### Task description
Transcribe all of the data exactly. Images stay out.

### Data block
────────────────

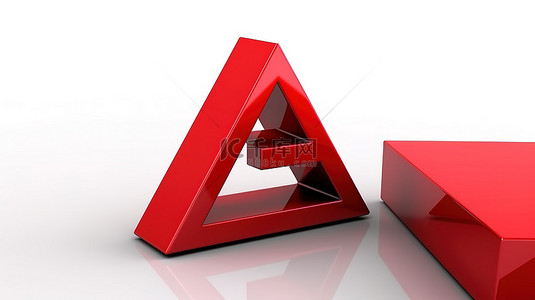 官网查询背景图片_白色背景，带有 3d 隔离红色三角形和查询标记
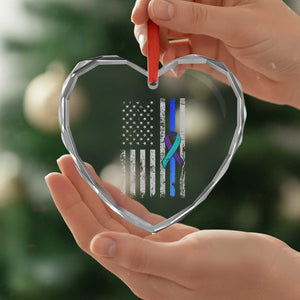Police Suicide Prevention Awareness American Flag Ribbon Support Heart Crystal Glass Ornament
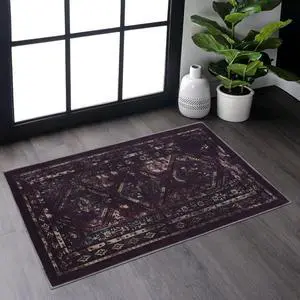 Black Washable Rug 36*24 inch Doormat Rug (Black+Burgundy, 36*24 inch) Black Washable Rug 36*24 inch Doormat Rug (Black+Burgundy, 36*24 inch)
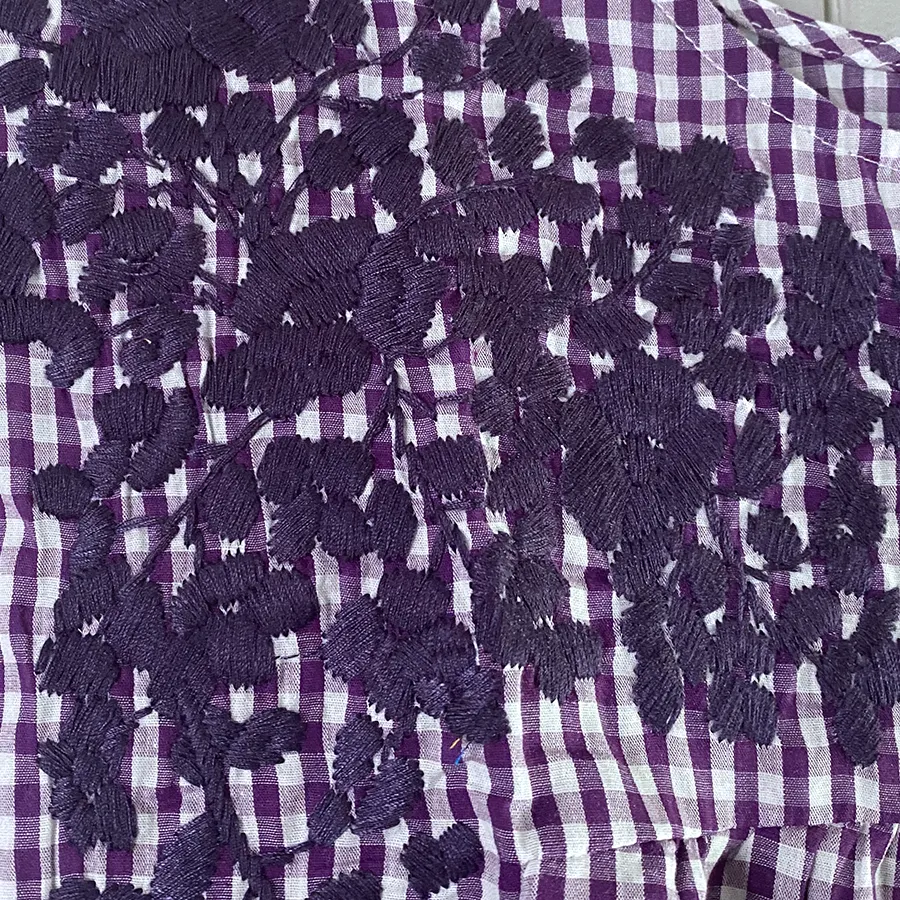 TCU/LSU Purple Gingham Hummingbird Blouse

────────────────

### Written solution
 官网查询背景图片_白色背景，带有 3d 隔离红色三角形和查询标记
Police Suicide Prevention Awareness American Flag Ribbon Support Heart Crystal Glass Ornament
 Black Washable Rug 36*24 inch Doormat Rug (Black+Burgundy, 36*24 inch) Black Washable Rug 36*24 inch Doormat Rug (Black+Burgundy, 36*24 inch)
 TCU/LSU Purple Gingham Hummingbird Blouse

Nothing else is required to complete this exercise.